◆ **EXERCISE**:
Nothing but the records, transcribed exactly, should appear in the answer; leave the pictures out.

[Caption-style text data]
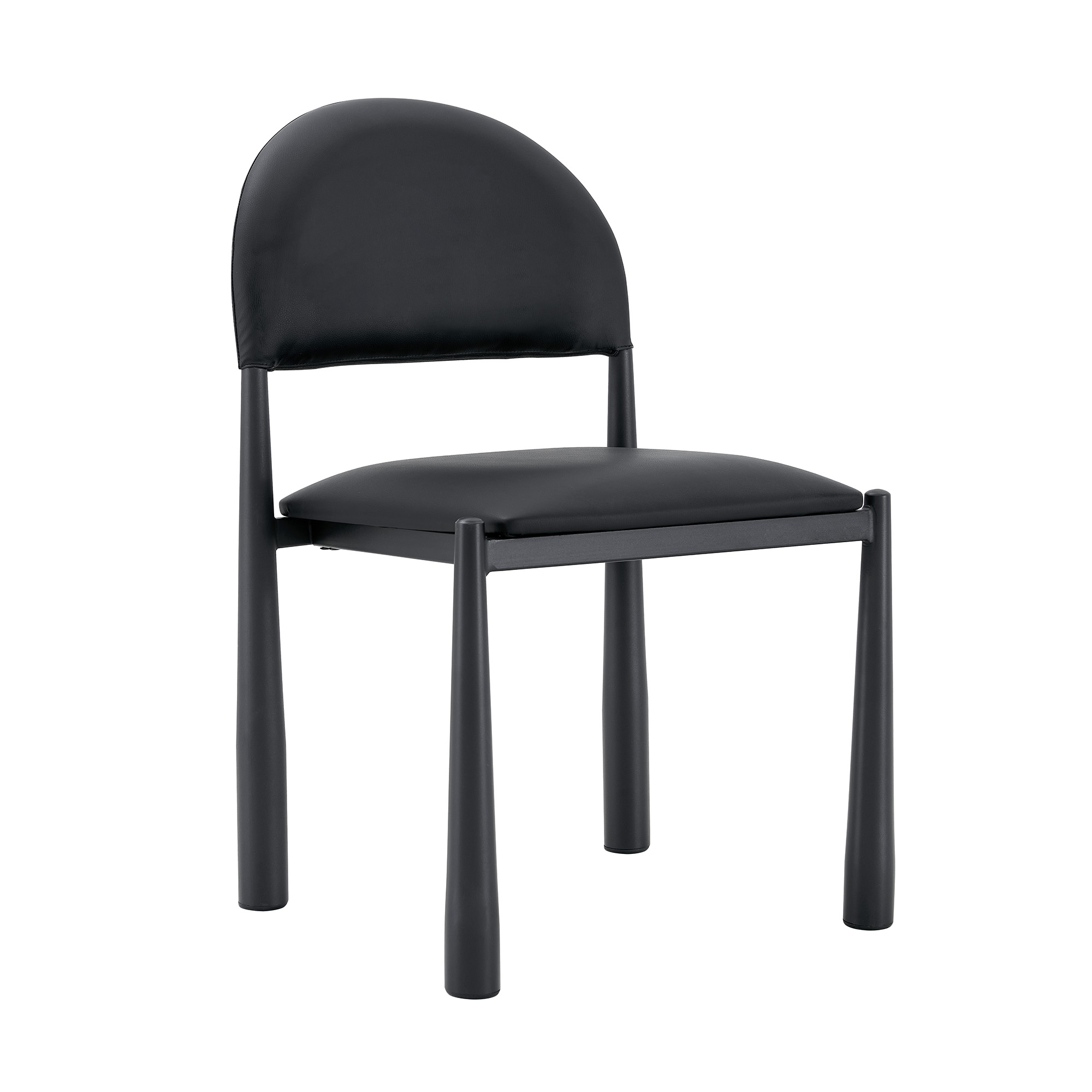 Lot de 2 chaises de salle à manger avec dossier incurvé, 45 x 48 x 80 cm, Noir - vue complémentaire
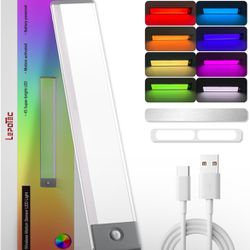 New In Box RGB Under Cabinet Lighting,Motion Sensor Light Indoor with Adjustable 8Colors and Brightness,LED RGB Lights Magnetic with Usb Charging,Colo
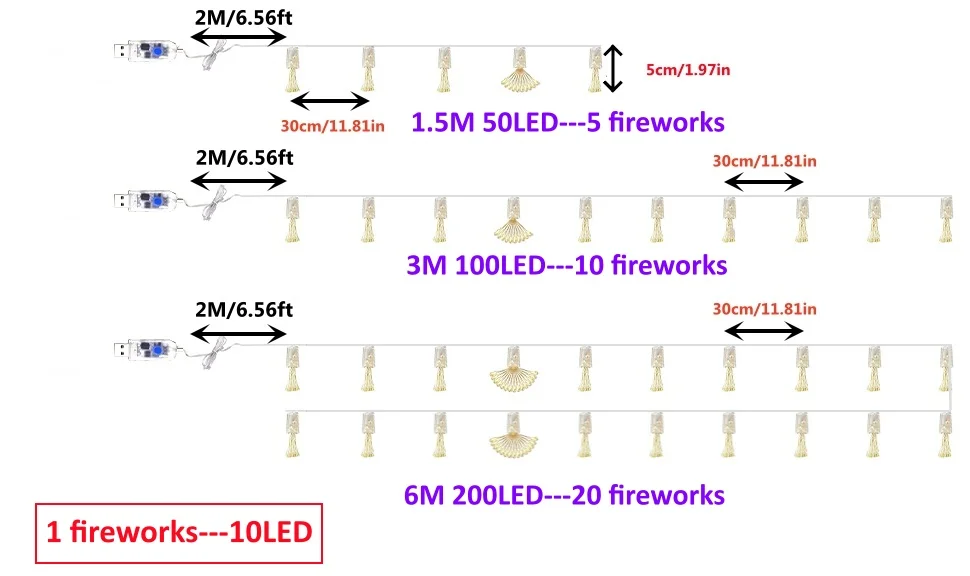 USB Firework Light String LED Garland Fairy Light Burst Star String Lights DIY Flower Decor Light for Christmas Wedding Party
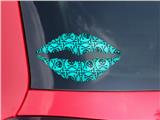 Lips Decal 9x5.5 Skull Patch Pattern Blue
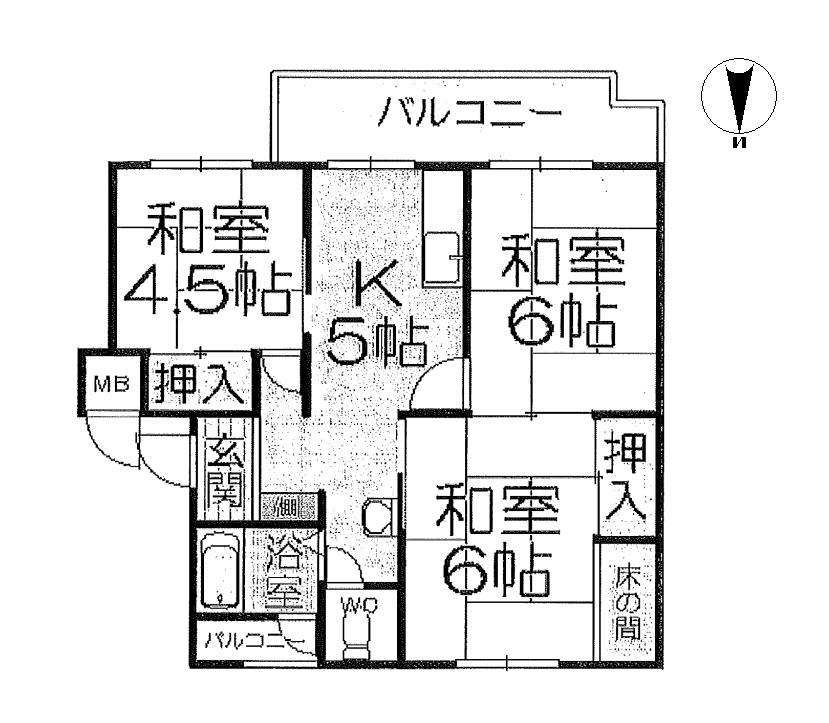Floor plan. 3K, Price 6.8 million yen, Occupied area 51.56 sq m , Balcony area 6 sq m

◆ **EXERCISE OUTPUT**:
 Lot de 2 chaises de salle à manger avec dossier incurvé, 45 x 48 x 80 cm, Noir - vue complémentaire
 New In Box RGB Under Cabinet Lighting,Motion Sensor Light Indoor with Adjustable 8Colors and Brightness,LED RGB Lights Magnetic with Usb Charging,Colo
 USB Firework Light String LED Garland Fairy Light Burst Star String Lights DIY Flower Decor Light for Christmas Wedding Party
 Lips Decal 9x5.5 Skull Patch Pattern Blue
Floor plan. 3K, Price 6.8 million yen, Occupied area 51.56 sq m , Balcony area 6 sq m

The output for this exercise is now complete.